Selon les informations de paperJam.lu, deux lettres intrigantes, l’une d’octobre 1999 – peu après la tentative de meurtre de Gaston Glock dans les sous-sols des locaux de la fiduciaire de Charles Ewert à Luxembourg - et la seconde de février 2002, signées d’un des avocats autrichiens de Glock à Luc Frieden, alors ministre de la Justice, sont à l’origine de sa citation à comparaitre comme témoin. Dans celle du 4 février 2002, l’avocat Johann Quendler demande au ministre de la Justice luxembourgeoise de réagir à l’affaire Glock/Ewert, laissant implicitement entendre qu’Ewert bénéficiait de protections pour rester intouchable comme il l’a longtemps été. En effet, Panama Charly, que tout accusait pour avoir été le commanditaire de la tentative de meurtre de l’industriel en 1999, n’avait pas été renvoyé devant le juge d’instruction dans l’enquête, alors que son complice, Jacques Pêcheur, un ancien légionnaire français, l’avait été. Il faudra attendre l’automne 2002 pour que les choses se précipitent et que l’étau se referme sur Ewert: renvoi devant un juge et sa détention provisoire en novembre 2002 après qu’il se fut rendu à une convocation au Tribunal.

Il y a donc des suspicions que les lettres «violentes» de l’avocat autrichien et le lobby de l’industriel autrichien - peut-être même le chantage de ses avocats - aient eu une influence sur le cours de la Justice luxembourgeoise qui est passée assez brutalement de l’indolence à l’égard de Charles Ewert à l’hyperactivité.

Le «chantage» qu’aurait exercé Me Quendler et qui apparaît de façon assez explicite dans sa lettre de février 2002 a-t-il permis à l’enquête d’avancer contre Ewert? L’avocat autrichien cite dans sa lettre un article de L’Investigateur du 24 janvier 2002 affirmant que l’étude Bonn & Schmitt, dans laquelle Luc Frieden fut un des associés jusqu'à ce qu'il rentre au gouvernement, avait été le conseil d’Ewert dans des montages de sociétés offshores, notamment d'une certaine Cargolux BVI, clone de la vraie Cargolux.
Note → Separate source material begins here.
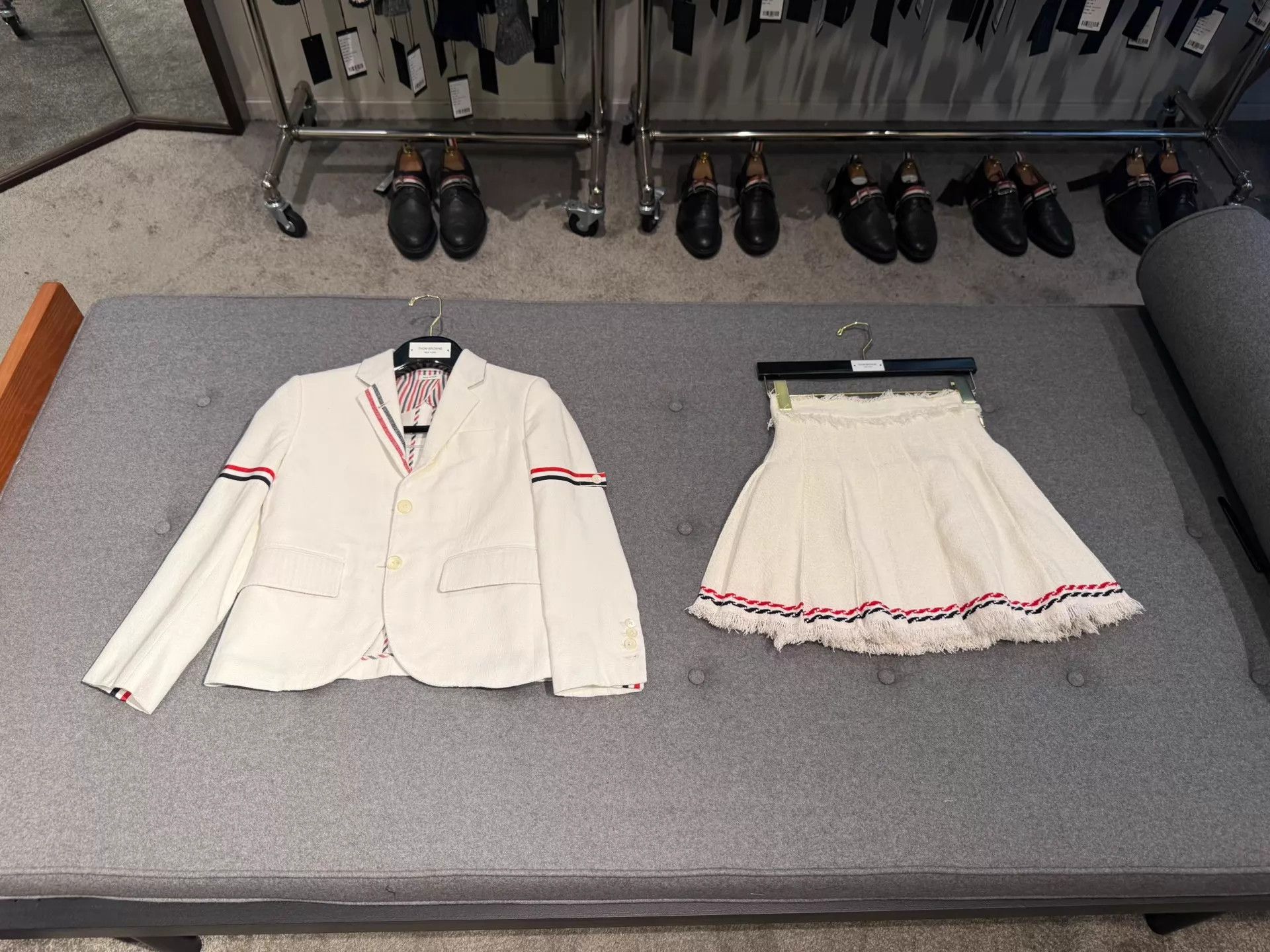 Thom Browne Thom Browne Women's White Double Sleeve Stripe Blazer Size S / US 4 / IT 40 - 6 Thumbnail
C’est probablement sur ces points que l’ancien ministre de la Justice devra s’expliquer, et malheureusement sur la base d’un article d’une presse de caniveau sur laquelle les avocats de Glock appuyaient leurs assertions.

C’est aussi une ligne de défense de Panama Charly dont les avocats cherchent à démontrer que l’enquête a été viciée et certains témoins achetés par Gaston Glock. «Je me suis fait avoir», a assuré mardi le prévenu. «Ewert est le prototype de la victime du système judiciaire luxembourgeois», a souligné pour sa part un proche du dossier. «On ne respecte pas, poursuit ce proche, les droits de la défense en cédant par rapport à de gros industriels faisant du puissant lobby et qui ont beaucoup d’influence comme Gaston Glock». «Dans le procès du Bommeleeër, ajoute-t-il, il y a eu des pressions sur les policiers pour que des pièces disparaissent, dans l’affaire Panama Charly, les pressions semblent avoir été faites sur la justice».